Assume the machine prefills at about 500 tokens per second and decodes at about 25 tokens per second.

- Request A has 4,000 input tokens and 50 output tokens. Prefill takes about 4,000 / 500 = 8 seconds. Decode takes about 50 / 25 = 2 seconds. Prefill is 80 percent of the wall clock.
- Request B has 100 input tokens and 1,000 output tokens. Prefill takes about 100 / 500 = 0.2 seconds. Decode takes about 1,000 / 25 = 40 seconds. Decode is over 99 percent of the wall clock.

Same model, same machine, and the dominant cost flips entirely with the prompt shape. This is why a summarization service and a story generator tune different parts of the same engine.

## Try it

You can confirm the arithmetic on your own machine in under 30 minutes with llama.cpp, which prints per-phase timings after every run.

1. Get a model and build or install llama.cpp. Any small instruct model in GGUF format works.
2. Run a request with a long prompt and a short answer. Put a few thousand words of text in a file and ask for a tiny completion:

   ```sh
   ./llama-cli -m model.gguf -f long-article.txt -n 16
   ```

3. Run a request with a short prompt and a long answer:

   ```sh
   ./llama-cli -m model.gguf -p "Write a 500 word story about a lighthouse keeper." -n 700
   ```

4. In the timing block at the end of each run, record the "prompt eval time" line and the "eval time" line, and note which one dominates in each run.

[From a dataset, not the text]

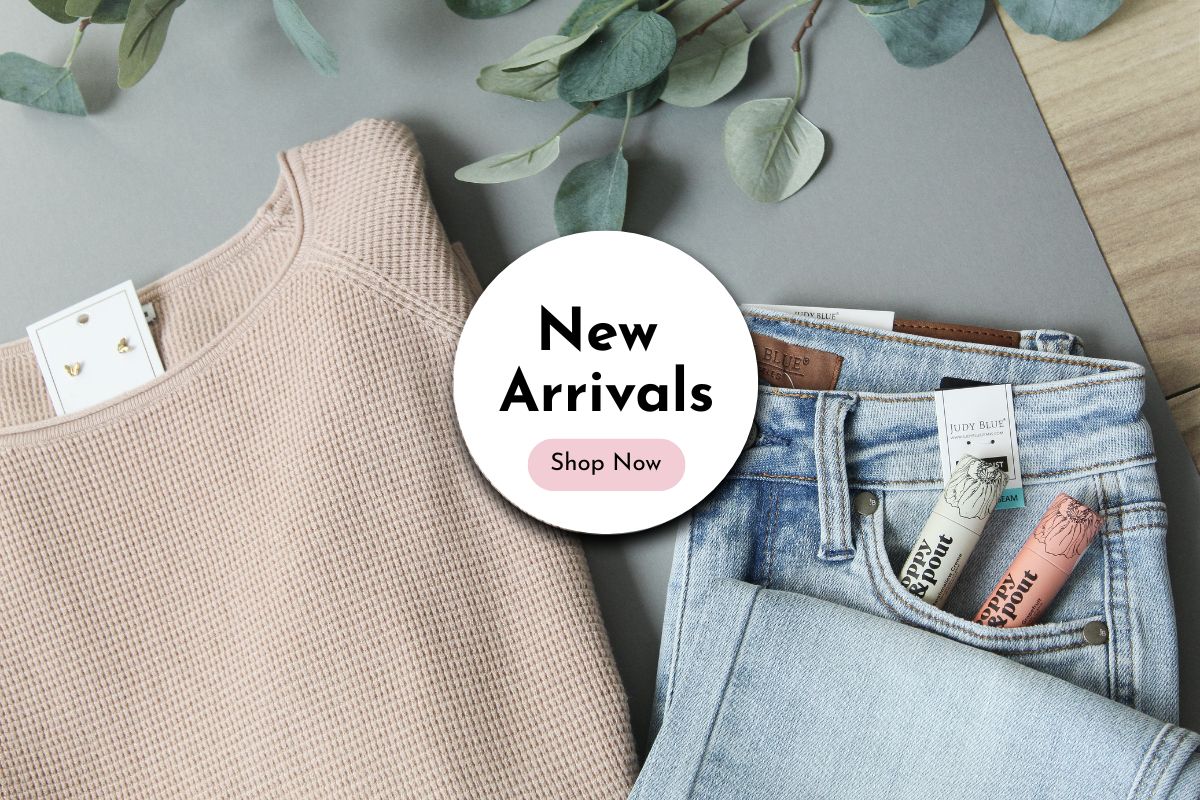 New arrivals clothing with a 'Shop Now' button on a gray surface with green leaves.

In llama.cpp output, "prompt eval time" is prefill and "eval time" is decode. The tokens per second figure on the prefill line should be far higher than on the decode line, because prefill processes tokens in parallel.

## Check yourself

Answer these before you look at your timings.

1. Which run will be prefill-heavy, and why? The long-article run, because it has thousands of input tokens and only 16 output tokens, so almost all the work is the input pass.
2. Which line will show the higher tokens per second? The prompt eval line, because prefill computes many tokens in one parallel pass while decode produces one token per pass.
3. Your prompt has 2,000 tokens and you request 2,000 output tokens. Which phase takes more wall-clock time? Decode, by a wide margin. The token counts match, but decode runs one forward pass per token while prefill handles all 2,000 in parallel.
4. What does the KV cache save you during decode? Recomputing attention keys and values for every earlier token on every pass. Without it, each decode step would redo the work of a full prefill.

## Next steps

- Read the concept page on [prefill and decode](https://yourwildcard.ai/docs/concepts/prefill-decode.md) for how the two phases show up in a serving stack.
- Read the technical guide on the [KV cache](https://yourwildcard.ai/docs/technical-guides/kv-cache.md) to see what prefill actually writes and why its size limits batch depth.
- Kiely's Inference Engineering, Ch. 2, sec. 2.2 covers the same ground with the sampling arguments (temperature, top-k, top-p) that act on each decode pass.

When you can do this, you can attribute observed inference time to prefill versus decode for any prompt shape.